Les devoirs à la maison
histoire d'un malentendu

 

Les devoirs à la maison

1.1.1. Une interdiction constamment réaffirmée

Les textes officiels relatifs aux devoirs à la maison présentent une triple caractéristique :

  • ils sont unanimes à en prescrire l’interdiction ;
  • ils sont très nombreux, sans doute faute d’avoir été généralement appliqués :
  • ils sont le plus souvent articulés à des instructions relatives aux études dirigées ou surveillées, d’une part, aux horaires de l’école d’autre part.

Les principaux textes relatifs aux devoirs sont les suivants :

Circulaire du 29 décembre 1956

: « Aucun devoir écrit, soit obligatoire, soit facultatif, ne sera demandé aux élèves hors de la classe. Cette prescription a un caractère impératif ».

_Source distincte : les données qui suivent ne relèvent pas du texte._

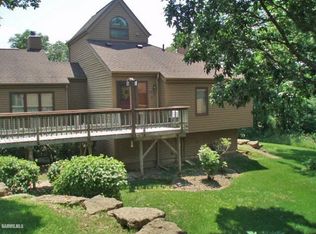 25 Farmstead Ln, Galena, IL 61036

Circulaire du 28 janvier 1958

: « [...] En ce qui concerne la suppression des devoirs à la maison ou en étude, je vous prie de bien vouloir rappeler à tous les instituteurs de votre département le caractère impératif des prescriptions de ma circulaire du 29 décembre 1956 ».

Circulaire n° 64-496 du 17 décembre 1964

: « Je tiens à préciser que l’interdiction formelle de donner des travaux écrits à exécuter hors de la classe s’applique également aux élèves des cours préparatoires et vise, d’une façon plus générale, l’ensemble des élèves de l'école primaire ».

Circulaire n° 71-38 du 28 janvier 1971

: « Il reste interdit, dans l’enseignement élémentaire, de donner des travaux écrits à exécuter à la maison ou en étude ».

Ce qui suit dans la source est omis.